__Problem to solve__
All lines below between the line with "ΠΛΗΚΤΡΟΛΟΓΙΟ ΓΙΑ LAPTOP" and the line with "USB to Parallel", including both, must be copied exactly, and the pictures must be omitted.

__Data__
--------

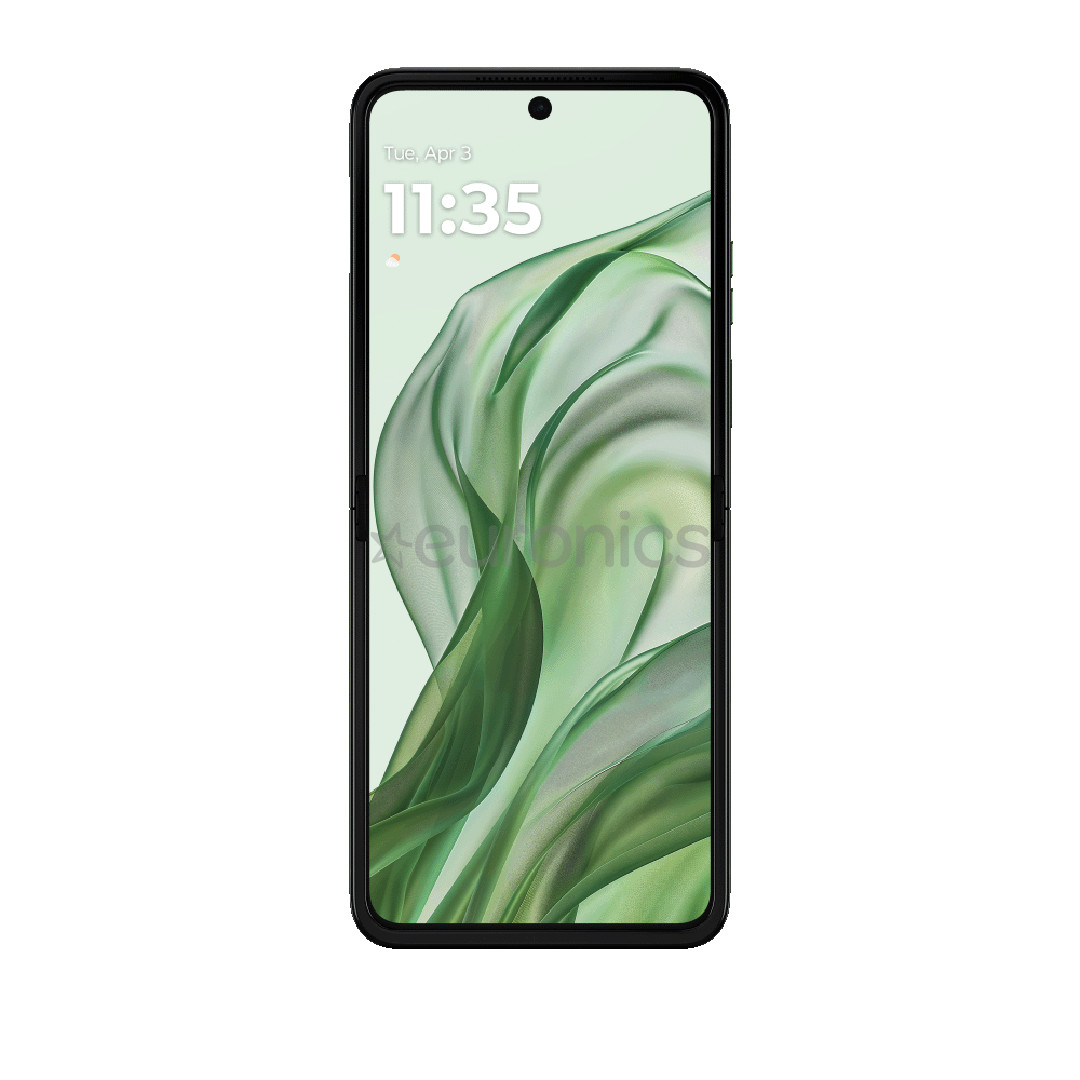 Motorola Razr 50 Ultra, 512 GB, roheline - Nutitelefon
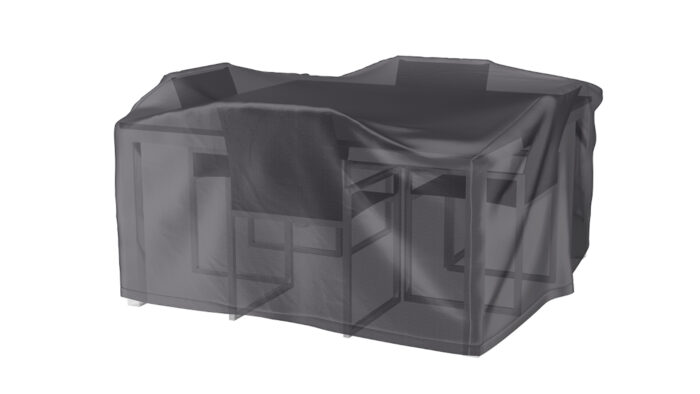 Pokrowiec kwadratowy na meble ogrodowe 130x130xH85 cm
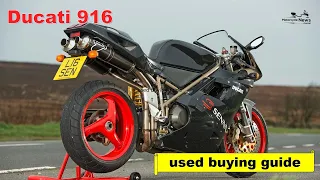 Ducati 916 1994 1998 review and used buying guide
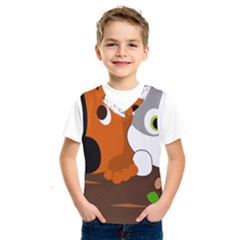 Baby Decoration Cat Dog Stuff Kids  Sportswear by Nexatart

--------

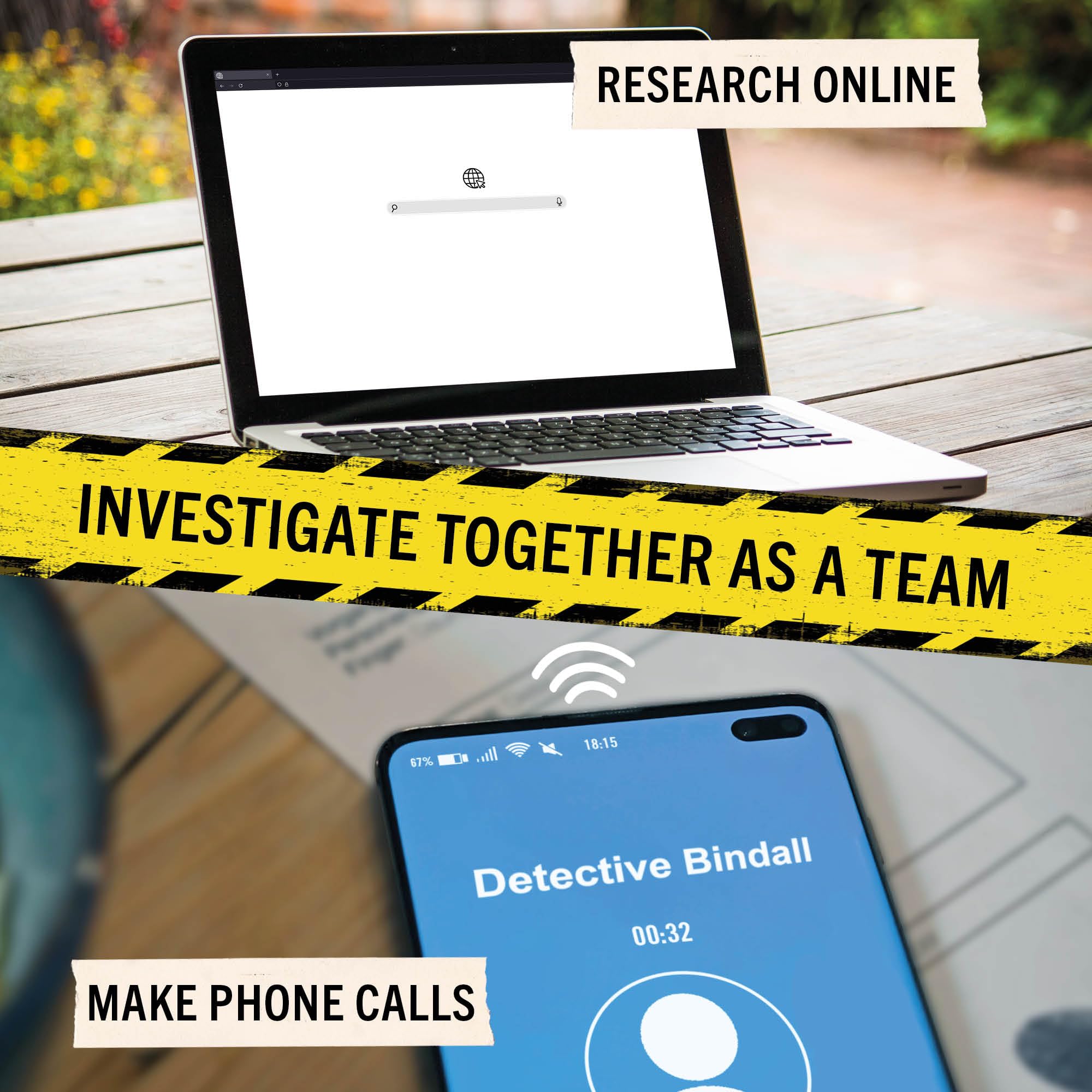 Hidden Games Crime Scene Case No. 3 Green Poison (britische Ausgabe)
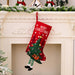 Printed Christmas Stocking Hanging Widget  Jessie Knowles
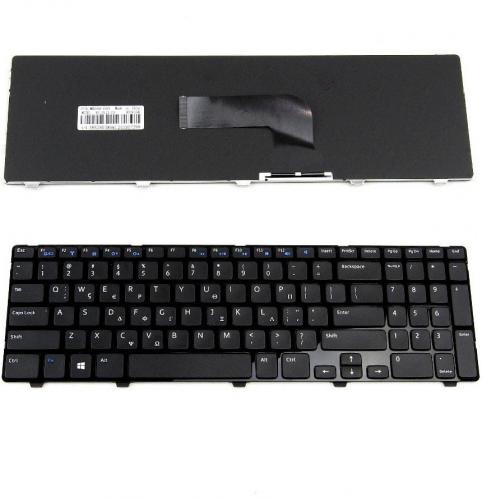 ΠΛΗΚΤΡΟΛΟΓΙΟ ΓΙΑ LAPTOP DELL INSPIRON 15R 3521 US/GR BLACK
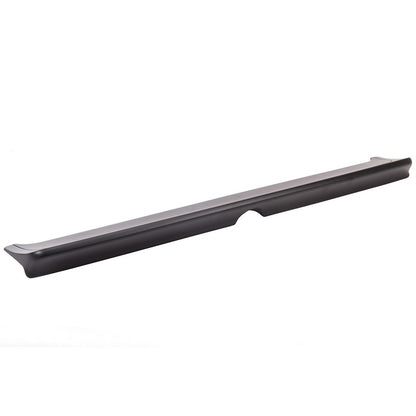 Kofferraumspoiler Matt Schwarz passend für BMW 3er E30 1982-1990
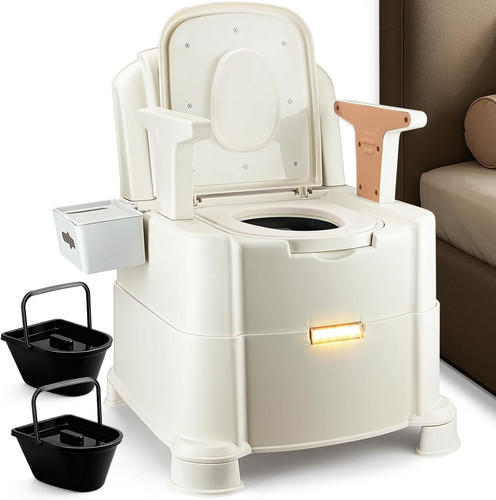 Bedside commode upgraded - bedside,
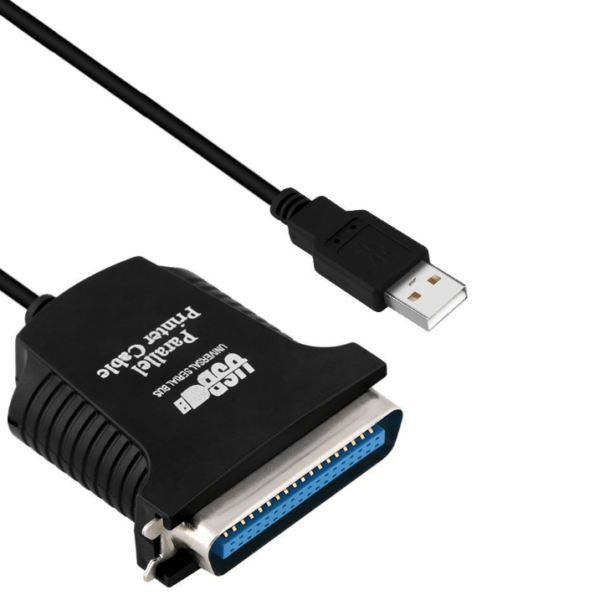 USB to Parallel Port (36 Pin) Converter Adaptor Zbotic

--------

__Output__
 ΠΛΗΚΤΡΟΛΟΓΙΟ ΓΙΑ LAPTOP DELL INSPIRON 15R 3521 US/GR BLACK
 Kofferraumspoiler Matt Schwarz passend für BMW 3er E30 1982-1990
 Bedside commode upgraded - bedside,
 USB to Parallel Port (36 Pin) Converter Adaptor Zbotic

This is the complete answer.